Ontvangen 19 juni 2012
De ondergetekende stelt het volgende amendement voor:
I
In de beweegreden wordt na «de Wet werk en bijstand,» ingevoegd: de Wet inkomensvoorziening oudere werklozen,.
II
Na artikel II wordt een artikel ingevoegd, luidende:
De Wet inkomensvoorziening oudere werklozen wordt als volgt gewijzigd:
A
Artikel 3, eerste lid, onderdeel a, komt te luiden:
a. wiens eerste dag van werkloosheid na 30 september 2006 ligt;.
B
Artikel 3a, eerste lid, onderdeel a, komt te luiden:
a. voor wie na 31 december 2007 recht is ontstaan op de loongerelateerde uitkering van de WGA-uitkering;.
C
In artikel 50 vervalt het tweede lid alsmede de aanduiding «1.» voor het eerste lid.
III
In artikel VI, eerste lid, wordt na «De artikelen I, II» ingevoegd: , IIa.
Met dit amendement krijgt de huidige Wet inkomensvoorziening oudere Werklozen (IOW) een structureel karakter.
De verhoging van de AOW-leeftijd mag niet ten koste gaan van mensen die op latere leeftijd onvrijwillig aan de kant komen te staan.
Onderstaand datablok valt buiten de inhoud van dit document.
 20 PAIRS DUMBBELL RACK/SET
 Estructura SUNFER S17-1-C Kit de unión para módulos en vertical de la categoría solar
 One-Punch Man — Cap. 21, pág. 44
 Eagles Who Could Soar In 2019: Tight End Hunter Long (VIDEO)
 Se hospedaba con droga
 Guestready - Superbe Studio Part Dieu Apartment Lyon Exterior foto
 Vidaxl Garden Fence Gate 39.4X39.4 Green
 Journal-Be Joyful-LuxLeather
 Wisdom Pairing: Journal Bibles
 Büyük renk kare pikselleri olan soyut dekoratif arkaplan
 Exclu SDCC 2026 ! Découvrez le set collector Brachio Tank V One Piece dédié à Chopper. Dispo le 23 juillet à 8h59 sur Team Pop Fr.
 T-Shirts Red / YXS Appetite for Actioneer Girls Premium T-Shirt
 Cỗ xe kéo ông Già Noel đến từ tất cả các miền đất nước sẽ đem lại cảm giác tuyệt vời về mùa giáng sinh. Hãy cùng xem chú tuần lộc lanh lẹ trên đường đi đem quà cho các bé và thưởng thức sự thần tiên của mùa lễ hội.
Indien zij na afloop van hun WW- of loongerelateerde WGA-uitkering geen werk kunnen vinden, dan zijn zij aangewezen op de bijstand. In de bijstand is sprake van een partner- of vermogenstoets. De indieners vinden het onredelijk en ongewenst dat zij vlak voor pensionering gedwongen kunnen worden hun huis «op te eten».
Door het in stand houden van de overbruggingsuitkering in het kader van de IOW, bieden de indieners mensen die na hun 60e onvrijwillig aan de kant staan een inkomensvoorziening zonder partner- of vermogenstoets.
Na de aanname van het amendement wordt in het opschrift van het wetsvoorstel na «de Wet werk en bijstand,» ingevoegd: de Wet inkomensvoorziening oudere werklozen,.